Riexinger sagte vor den Delegierten, bei den Wahlen zum Europaparlament stehe "viel auf dem Spiel". Es könnten die Regierenden bestätigt werden, die verantwortlich seien für ein "Europa der sozialen Spaltung". Und es könne zu einem "Rechtsruck", unter anderem mit der AfD, kommen. "Oder es gibt eine starke Linke, die den klaren Gegenpol zu beidem bildet", fügte der Parteichef hinzu.

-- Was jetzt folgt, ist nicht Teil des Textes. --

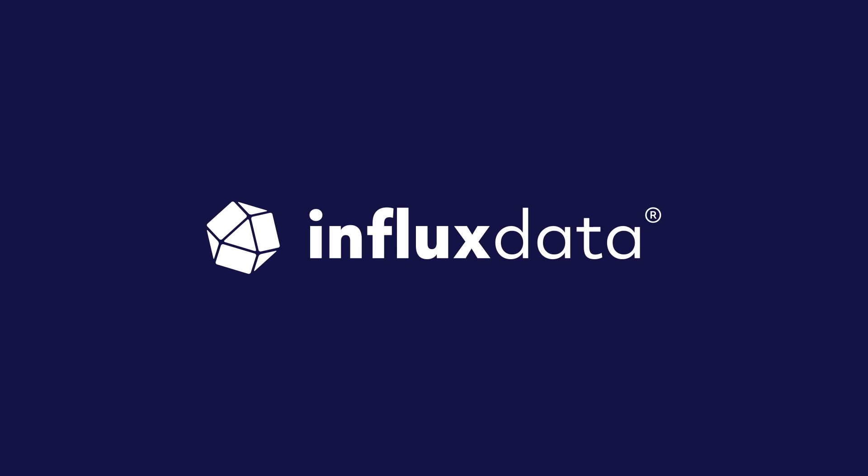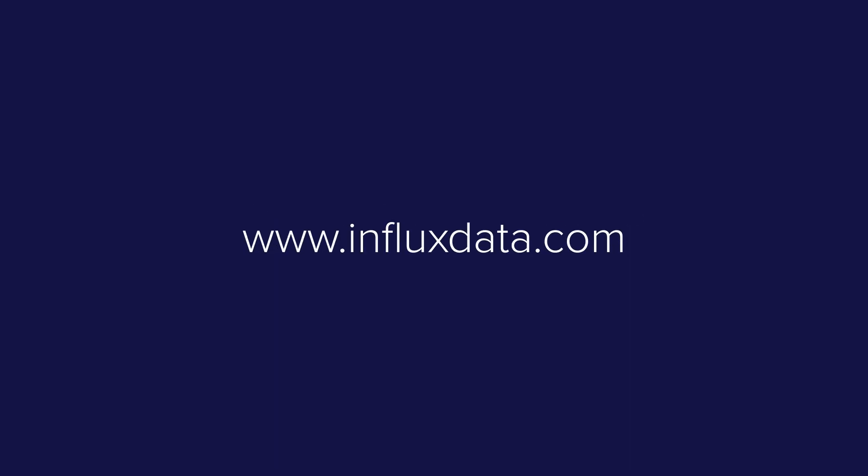Get more value from your time series data with InfluxDB Cloud. To learn more, visit www.influxdata.com.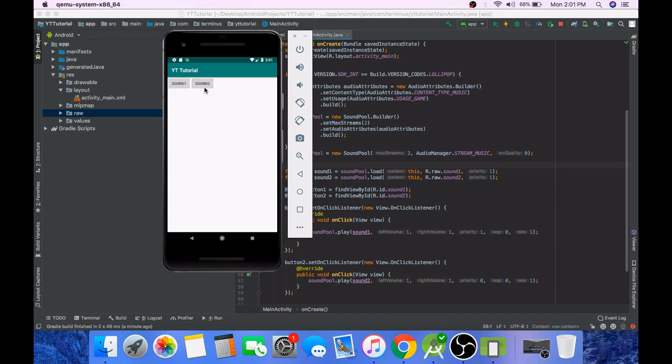And if you play sound two and then click on sound one, then you can hear sound two stop and sound one start playing.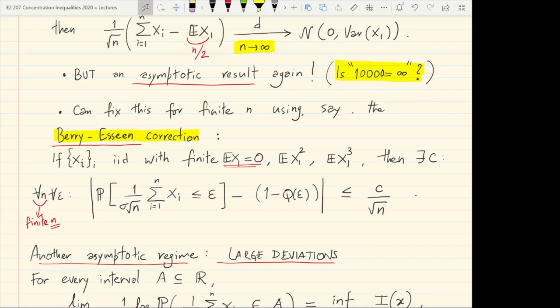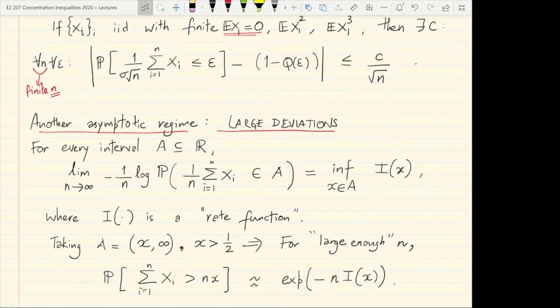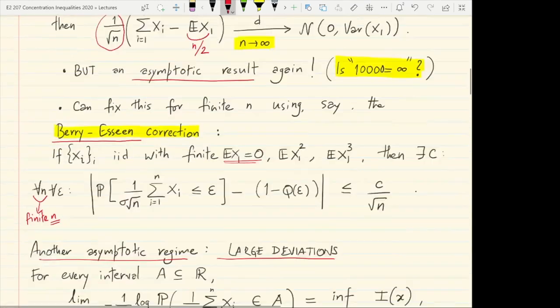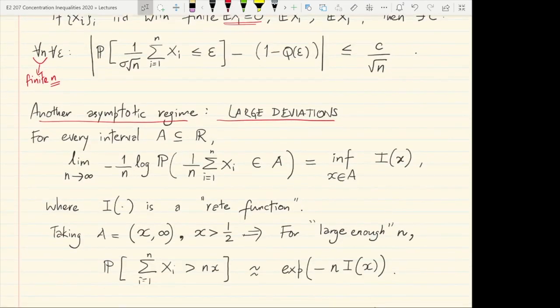However, we will see that more generic and simpler techniques give similar answers. The course will show you do not need to match things with Gaussian random variables — generic methods suffice. Another asymptotic regime, called large deviations, differs from the CLT in that it studies fluctuations of the sample mean, where the sum of n terms is divided by n itself rather than sqrt(n).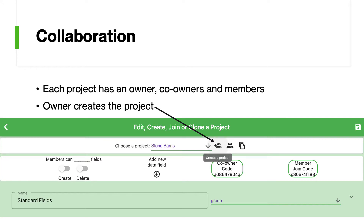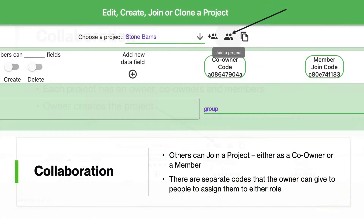In the project management screen, there are three icons to the right of the project chooser. Clicking the first icon opens a dialog for you to enter the name of the project. The middle icon allows you to join a project. For any project, there are two codes: a co-owner join code and a member join code.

Der Präsident der Europäischen Linken, Gregor Gysi, rief seine Parteifreunde in Deutschland auf, mit positiven Botschaften in den Europa-Wahlkampf zu ziehen. "Wir treten an, weil wir die europäische Integration wollen", sagte er. Das müsse ebenso wie das Eintreten für die dringend erforderlichen Reformen "unsere Botschaft" sein, sagte der frühere Fraktionschef der Linken.

Der aktuelle Fraktionschef Dietmar Bartsch rief seine Partei in Bonn dazu auf, sich stärker einer Zusammenarbeit mit der SPD zu öffnen. Deren Abkehr von Hartz IV "müssen wir ernst nehmen", sagte er auf dem Parteitag.

Auch der von der SPD ausgerufene Kampf gegen Altersarmut und ein Mindestlohn von zwölf Euro seien die Themen der Linken, fügte der Fraktionschef hinzu. Deshalb solle seine Partei jeden Schritt mitgehen, der positiv sei. Es brauche "konkrete Machtoptionen, um zu verändern".